Our key findings across all the areas we inspected were as follows:

  • There was an open and transparent approach to safety and an effective system in place for reporting and recording significant events.
  • Risks to patients were assessed and well managed.
  • Staff assessed patients’ needs and delivered care in line with current evidence based guidance. Staff had been trained to provide them with the skills, knowledge and experience to deliver effective care and treatment.
  • The practice was responsive to the needs of patients and tailored its services to meet those needs.
  • Patients said they were treated with compassion, dignity and respect and they were involved in their care and decisions about their treatment.
  • Information about services and how to complain was available and easy to understand. Improvements were made to the quality of care as a result of complaints and concerns.
  • Patients said there was continuity of care, access to GPs and clinicians through the telephone triage system was effective and same day appointments were available.
  • The practice had good facilities and was well equipped to treat patients and meet their needs.
  • There was a clear leadership structure and staff felt supported by management. The practice proactively sought feedback from staff and patients, which it acted on.
  • The provider was aware of and complied with the requirements of the duty of candour.

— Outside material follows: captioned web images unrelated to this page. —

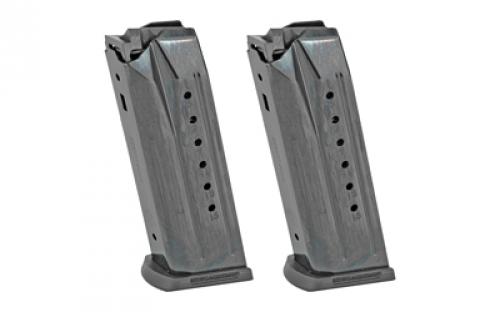 Ruger Magazines, 9MM, 15 Rounds, Fits Ruger Security-9, Steel, Black, 2 Pack 90684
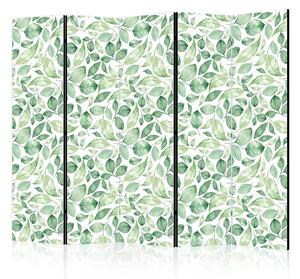 Paravento design Bellezza naturale II - modello di foglie verdi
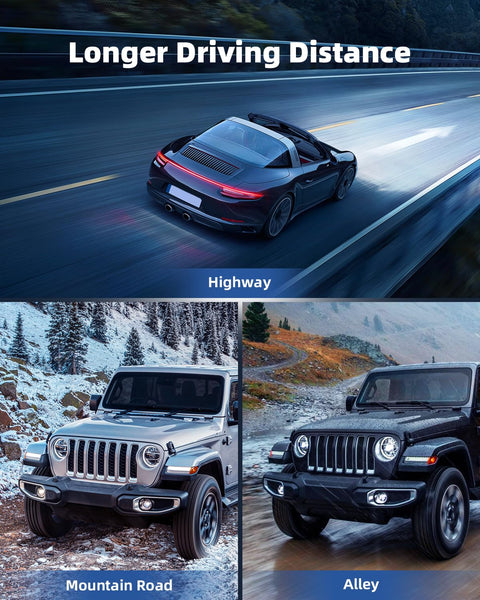 Cars driving on highway, mountain road, and alley highlighting longer driving distance capabilities on various terrains.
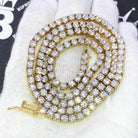 Hip Hop Bling VVS Iced Out Tennis Chain 4MM Yellow Gold 16" HipHopBling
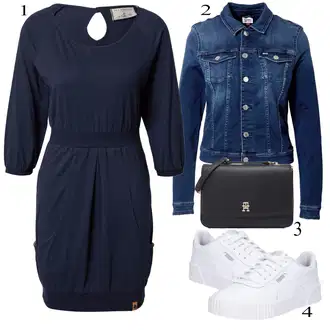 Western outfit mit Temno modra/Svetlo modra/Modra Denim Jakna/Kratka Denim Jakna/Vintage Jakna Tommy Jeans "Pokrivalo za pomlad"Look: Nor, Lak, 90. leta, Kul, Morski, Mom, Lepo, Univerzitetni, Western, Delovna oblačila, Retro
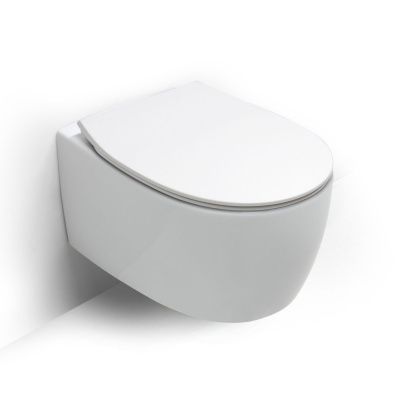 Купить white ceramic basic, комплект подвесного безободкового унитаза с быстросъемным ультратонким сиденьем микролифт, цвет белый глянцевый оптом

The areas where the provider should make improvement are:

  • The practice should ensure that the process that enabled practice staff to identify children who may be subject to safeguarding concerns is consistent and that the records of clinical meetings where safeguarding issues were discussed reflected what had taken place. The practice should also consider identifyingand monitoring children who did not attend appointments in secondary care.

  • Ensure that most recent NICE guidance is disseminated and followed by GPs and staff.

  • Review the process used to check dispensary stock is within expiry date and maintain appropriate records.

  • Improve arrangements for dispensary ’near-miss’ recording.

  • Implement a system for tracking blank prescription forms through the practice in accordance with national guidance.